What is private mortgage insurance (PMI)?

Summary: PMI protects the lender in the event that you default on your primary mortgage and the home goes into foreclosure.

When you apply for a conventional loan, the lender will typically require a down payment equal to 20% of the home’s purchase price. If a borrower can’t afford that amount, a lender will consider the loan as a riskier investment and require the homebuyer take out private mortgage insurance (PMI) as part of obtaining a mortgage.

How does PMI work?

PMI is usually paid as part of the monthly mortgage payment to the lender. PMI isn’t required for the life of the loan. Instead, it can be dropped once a borrower pays down enough of the mortgage’s principal.

Provided a borrower is current on their payments, their lender must terminate PMI on the date the loan balance is scheduled to reach 78% of the original value of the home (when the equity reaches 22%). Alternatively, a borrower who has paid the equivalent of that 20% down payment can contact their lender and request that the PMI payment be removed.

It is important to understand that PMI doesn’t protect the borrower from foreclosure if they get behind on payments. It is solely for offsetting the lender’s risk by loaning more than 80% of the original value of the home.

How much does PMI cost?

PMI can cost between 0.5% and 1% of the entire mortgage loan amount annually. This can raise a mortgage payment quite a bit and therefore may have a negative impact on a family’s monthly budget.

For example, for a 1% PMI fee on a $200,000 loan, the fee would add approximately $2,000 a year, or $166 each month, to the cost of your mortgage.

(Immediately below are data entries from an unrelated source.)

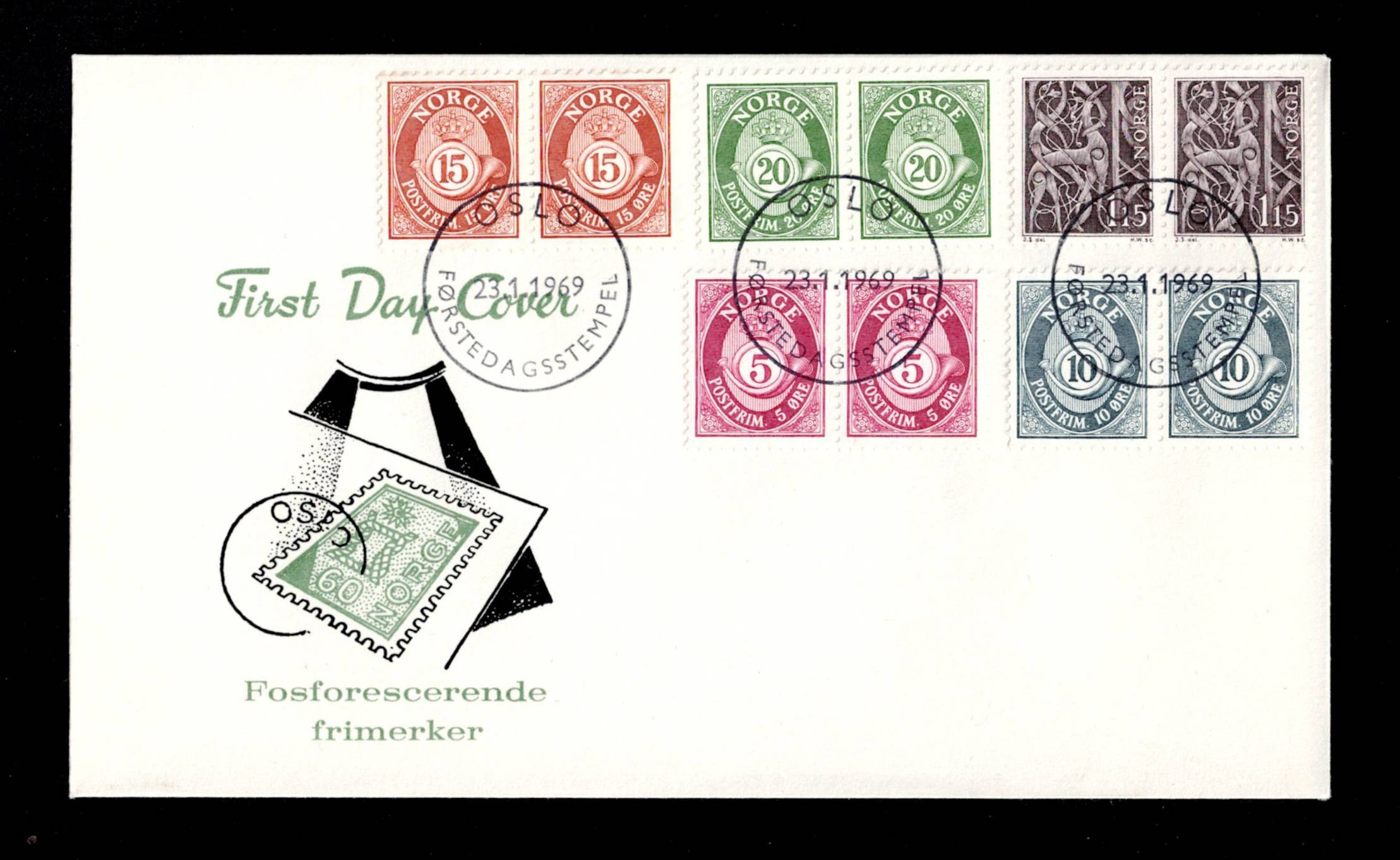 FDC 1969 NK617-621 Bruksmerker uvanlig frankering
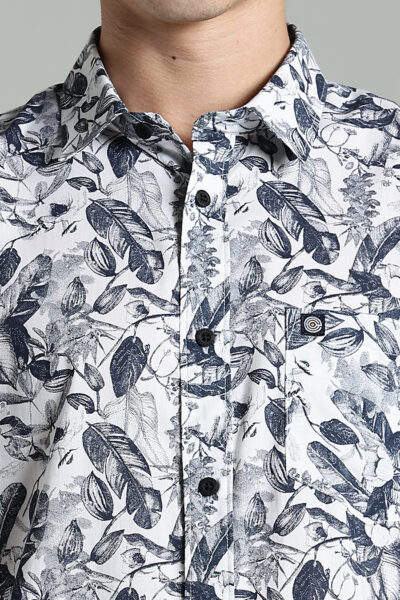 Men’s Premium Cotton AOP Short Sleeve Shirt with Logo Label – Navy - NAVY, XXL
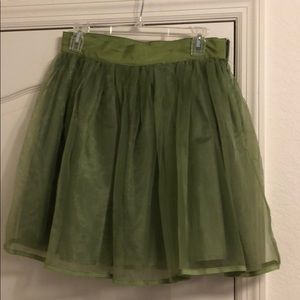 Sage tulle skirt.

What are alternatives to PMI if you have less than 20% down?

Piggybacking is a term assigned to taking two loans to avoid PMI. The first loan is smaller and covers the 20% down payment, while the second loan is for the mortgage. This smaller loan typically has a higher interest rate and may come with a balloon payment that is due at a specific time after closing.

Otherwise, it may be more prudent to seek out a home with a lower purchase price that enables you to put the required 20% down. Alternatively, waiting until savings are sufficient enough to pay the 20% down payment will help to avoid PMI.